All along Sophie knew things I didn't even know about myself. And all along Jack knew too. It hurt, knowing that he knew I was using him when I didn't even realize it myself. But what hurt the most was he allowed me to do it.
He loved you enough for both of you.
Why would he do that? I wasn't worth it. I'd never been worth it.
"I'm sorry I never told you. I just didn't want to see you fall again." She whispered, reaching out for me. "Maybe that's why I was so harsh on you about moving on."
"No it's okay." I said through tears. "I wouldn't have believed you anyways."
"Why aren't you with Ty right now Piper? It sounds like that's where you really want to be."
"I was with him. I was naked in his bed getting ready to sleep with him again and he called me sad lonely girl and I lost it. It was overwhelming knowing that he knew things about me that I wasn't ready to share. I yelled at him and ran out. I wanted him to chase after me, to try to explain why he lied about his name. But he didn't. I think that's what hurts the most. I think I was just another lay. I didn't mean anything to him Sophie. Why? Why don't I mean anything to him?" The tears fell all over again, the weight of it all crushing me and pulling me deeper into my ocean of despair.
"Did he say that? Did he say you meant nothing? Because the way he looked at you said otherwise."
He hadn't said that. He had said the opposite, but why didn't he run after me? Why didn't he try to stop me like he did the first time I ran away?
"No. He said I was special."
She took me in her arms, holding me against her while she combed her fingers through my hair. It was comforting and soothing.
"You think maybe you over reacted a bit about the name? Maybe he had a reason to lie about his name. Maybe he was scared. I mean shit Piper, look at what the guy has gone through. Those were fucking welts on his back. Welts where he had been maliciously beaten. You and I both know what that is like. Maybe that's why I was so quick to judge him when I met him. Because self-consciously I knew he was like us. We went through so much at that house Piper. So much fucked up shit.

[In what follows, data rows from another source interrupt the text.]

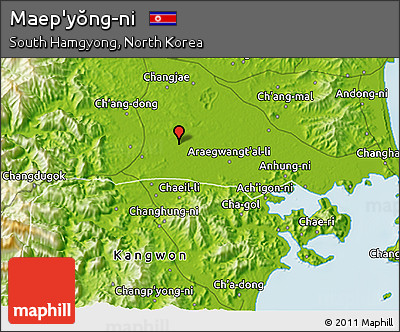 Physical 3D Map of Maep'yŏng-ni
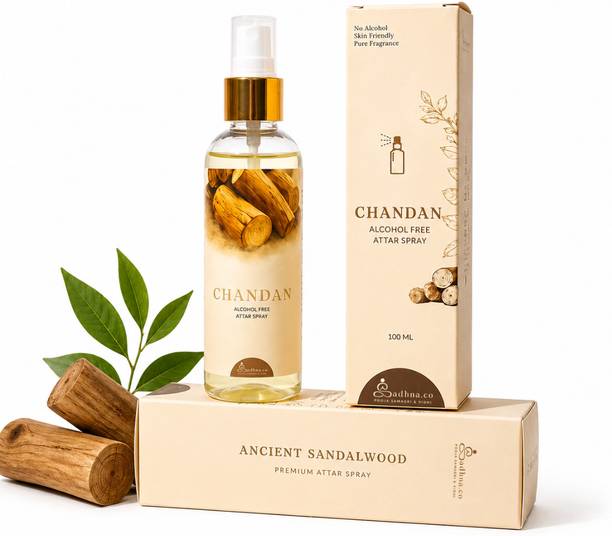 Sadhna.co Chandan Alcohol Free Attar Spray 100ML - Pure Sandalwood Fragrance for Pooja Floral Attar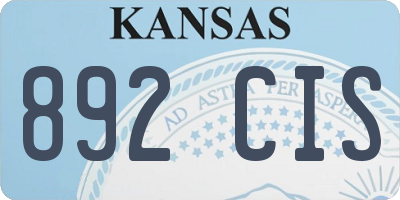 KS license plate 892CIS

I thought it was just foster homes that those things happened, but his own father did that to him. And the burns, he has to look at those everyday and relive that. At least most of our scars are inside. We can hide them away. He can't even do that."
Maybe I had over reacted. Maybe I hadn't given him a chance. I was so caught up in the fact he lied about his name. So caught up in the fact he knew everything about me and yet I only knew a fraction of what he lived with everyday. I felt exposed and completely naked in an emotional way and it scared me, so I ran. Just like I always do.
"I have scars that I look at every day." I said, refusing to acknowledge that I had fucked up.
"Those are different Piper. You made those scars on purpose. His scars weren't willingly made. Can you imagine what runs through his head every time he looks at them? Well I guess you can. When you look at the scar on your chest, what does it do to you? Now imagine that but worse. You have one scar, one dreadful memory that stays with you, he has a bunch of them. That can't be easy for him."
As always, Sophie was right. He had already admitted that he had nightmares about it. At least I didn't have to live with nightmares. Maybe Ty was waiting for me to come running after him this time. He had ran after me so many times and I had done nothing but reject him. Maybe he had given up because he thought that's what I wanted.
"I've gotta go Sophie. I've gotta go make this right."